▶ _Activity_
In the material below, find the line containing "DEKOGLAS Beistelltisch Couchtisch" and the line containing "Jewel Butterfly 100%". Output those two lines and all lines between them exactly, without pictures.

▶ _Data extract_

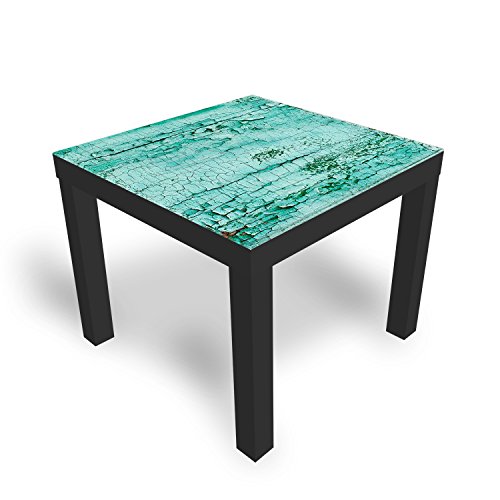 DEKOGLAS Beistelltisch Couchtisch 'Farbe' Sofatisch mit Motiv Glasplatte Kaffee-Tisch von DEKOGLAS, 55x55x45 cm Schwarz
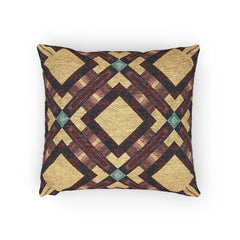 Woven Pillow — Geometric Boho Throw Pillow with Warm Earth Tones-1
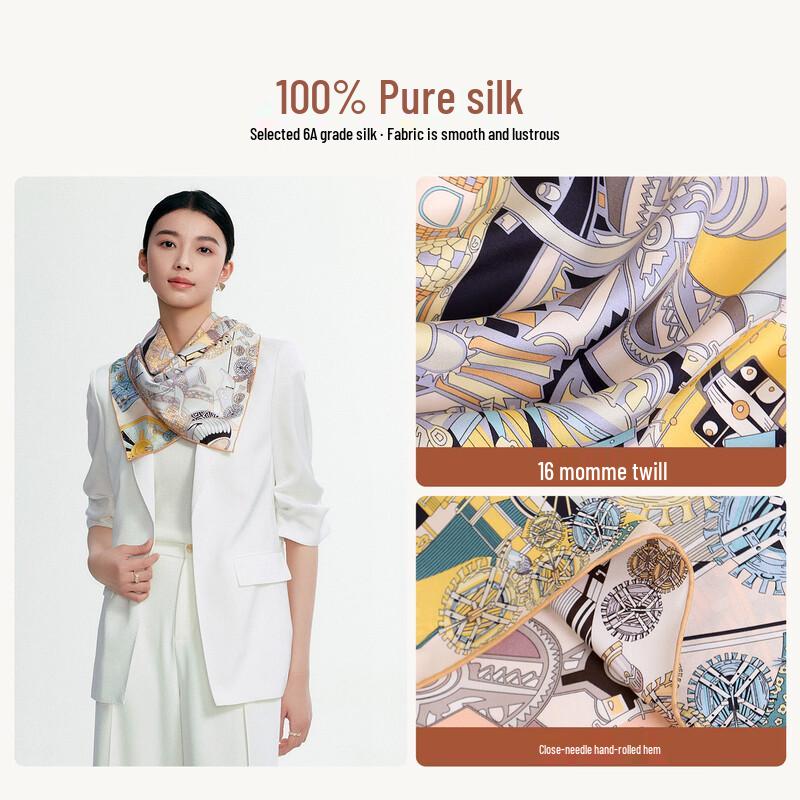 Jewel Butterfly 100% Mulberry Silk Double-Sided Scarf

--

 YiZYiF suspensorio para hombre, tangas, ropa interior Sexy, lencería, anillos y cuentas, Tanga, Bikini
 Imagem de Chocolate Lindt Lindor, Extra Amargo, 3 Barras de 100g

...

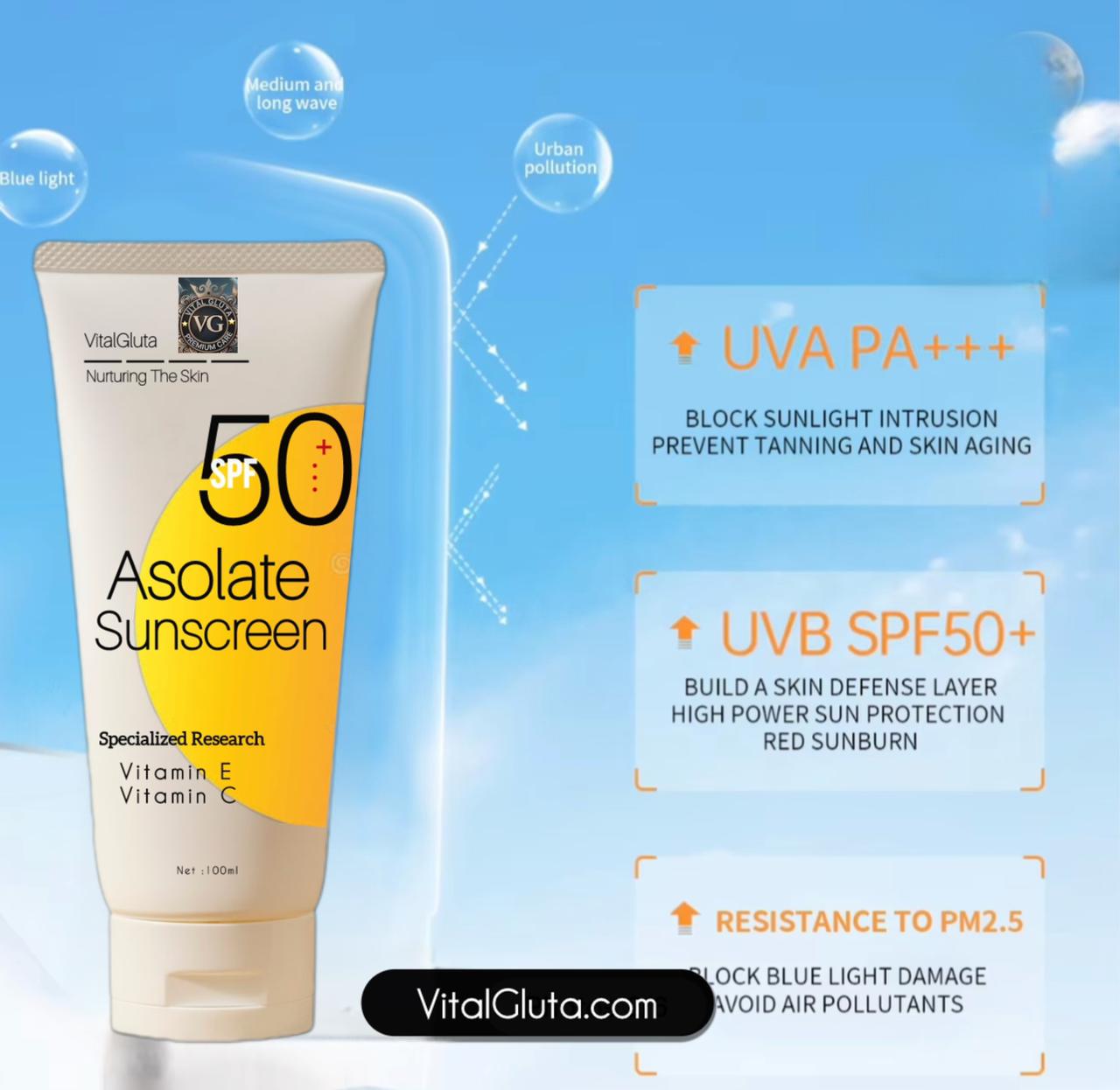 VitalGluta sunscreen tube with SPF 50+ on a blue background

▶ _Task response_
 DEKOGLAS Beistelltisch Couchtisch 'Farbe' Sofatisch mit Motiv Glasplatte Kaffee-Tisch von DEKOGLAS, 55x55x45 cm Schwarz
 Woven Pillow — Geometric Boho Throw Pillow with Warm Earth Tones-1
 Jewel Butterfly 100% Mulberry Silk Double-Sided Scarf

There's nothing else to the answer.